Note: the Syntax 500 Index (like the S&P 500) has a weight of nearly 32% to the Information Technology sector, which is dominated by large tech stocks like Microsoft, NVIDIA, Apple and Alphabet. The Potential Index Solution, therefore, has larger allocations to the Consumer Discretionary, Consumer Staples, Healthcare, Energy, and Real Estate sectors relative to the benchmark index. These overweights help provide more balance to our hypothetical portfolio. For example, Energy has a weight of 10.1% in the custom index model, compared to just 3.6% of the benchmark. This allocation can be viewed favorably from a diversification perspective given the economic importance of the Energy sector. There is also the ability to exclude stocks involved in certain segments of the Energy sector, like coal or fossil fuels, if desired.

When an index is created in Syntax Direct, a backtest is automatically generated. Below you can see the backtested performance of the Potential Index Solution relative to the Syntax 500. This backtest is based on the methodology described above, implementing those rules at each historical rebalance date from December 15, 2017 to the present. Please see important disclaimers for information regarding backtested index data.

The following page shows the growth of a hypothetical $1,000 investment tracking this index model, gross of fees and implementation costs, as an investor cannot directly invest in an index model. The custom index model shows strong performance, with the initial hypothetical investment of $1,000 increasing to roughly $1,923.

The Potential Index Solution trailed the Syntax 500 benchmark, which is unsurprising as the index model has reduced exposure to the Magnificent Seven stocks that have driven the large cap market’s performance. Over the same period, $1,000 hypothetically invested to track the Syntax 500 Index would have grown to $2,433, gross of fees and implementation costs.

Total Return, 12/15/2017 to 9/30/2024. Performance does not reflect fees or implementation costs as an investor cannot directly invest in an index. Please see important disclaimers regarding backtested index model data.

As part of our backtest, we calculated both calendar- and trailing-year returns for the custom index model and the benchmark.
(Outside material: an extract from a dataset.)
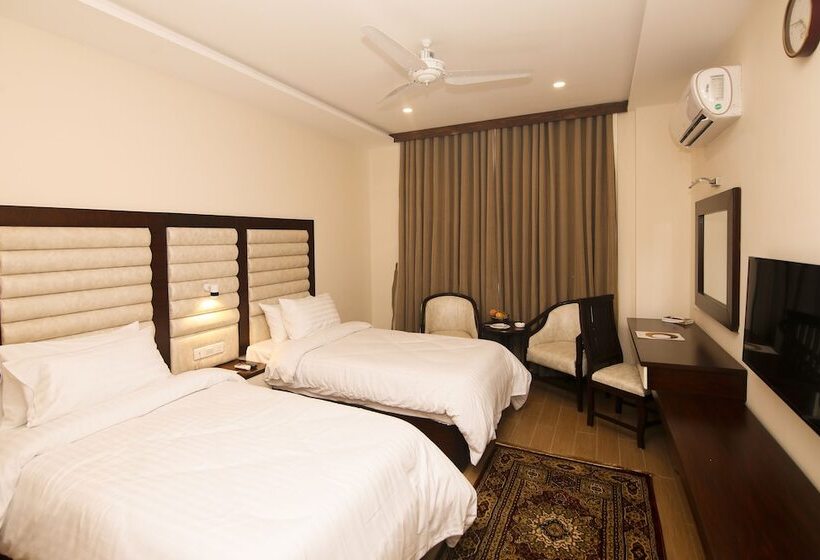 هتل One Rahim Yar Khan Club Road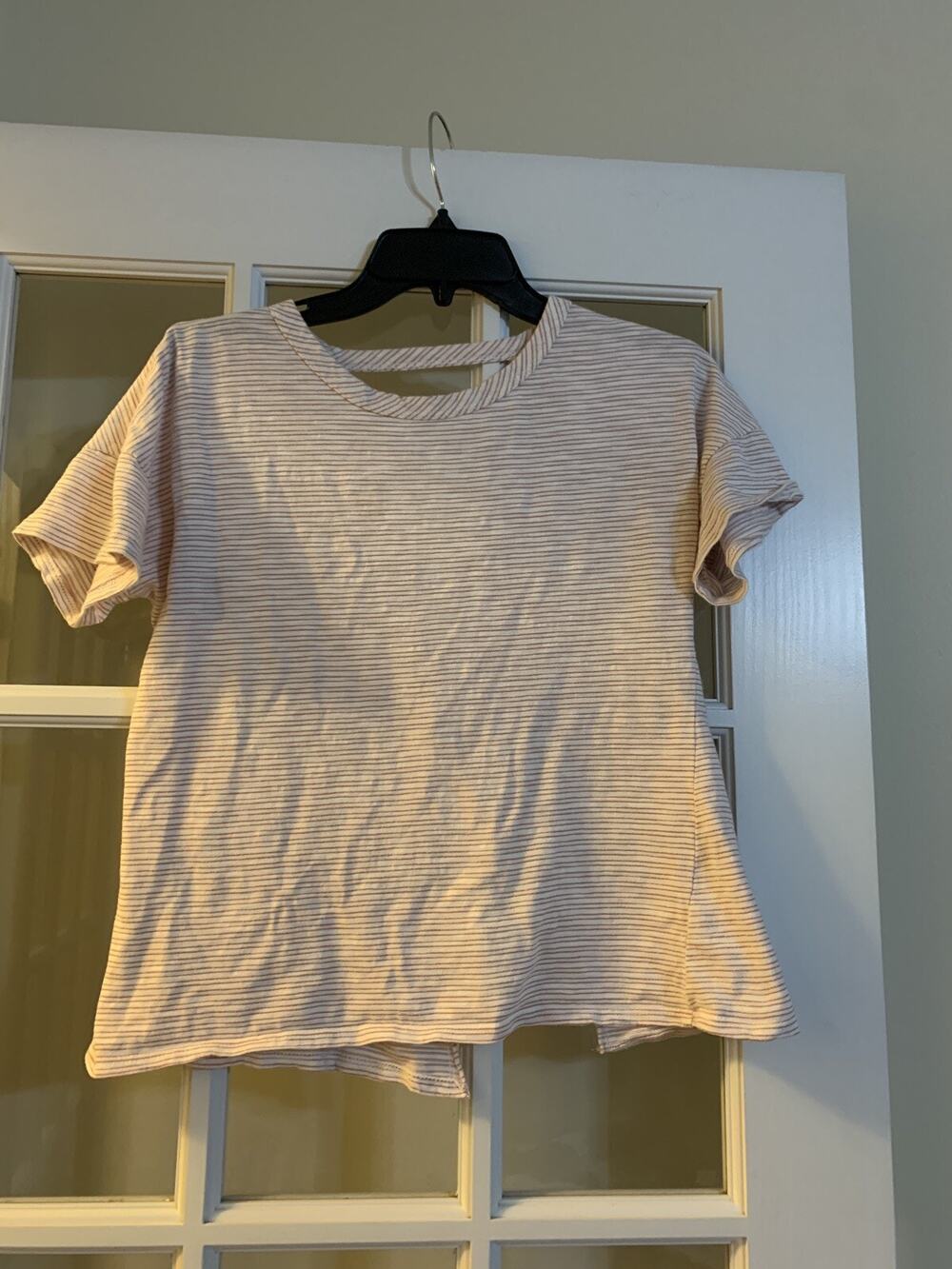 envy ~boutique~ pink and striped short sleeved blouse womens size small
The annual returns are shown below. The results for 2022 and 2023 are particularly noteworthy.

Total Return, 12/31/2017 to 9/30/2024. Performance does not reflect fees or implementation costs as an investor cannot directly invest in an index. Please see important disclaimers regarding backtested index model data.

In 2022, the custom index model returned -3.37%, substantially outperforming the -19.59% loss for the benchmark. The lack of tech stocks in the index model would have provided better downside protection in this market environment.

Conversely, as tech stocks rebounded in 2023, the custom index model would have underperformed, returning 8.34% vs. 27.11% for the benchmark. During this two-year period, the hypothetical index model would have provided better balance and downside protection when held with an S&P 500 index.

The annualized returns (depicted below) highlight the solid returns provided by the custom index model, despite underperforming the benchmark.  

Total Return, 9/30/2019 to 9/30/2024. Performance does not reflect fees or implementation costs as an investor cannot directly invest in an index. Please see important disclaimers regarding backtested index model data.

The strong results of the Syntax 500 Index are reflected in this index’s fundamentals, as shown below. The Syntax 500 Index has a price/earnings ratio of 24.3, relative to 18.9 for the custom index model. Stated alternatively, the Syntax 500 price/earnings valuation is roughly 29% higher than the custom index model.

Please see important disclaimers regarding backtested index model data.

The custom index model, by design, has a higher dividend yield at 2.6%, compared to 1.5% for the Syntax 500. The average market cap of the stocks in the custom index model is $240 billion, well below the average market cap of $663 billion in the Syntax 500 Index, which is driven higher by the market caps of the mega-tech stocks excluded from the custom index model.  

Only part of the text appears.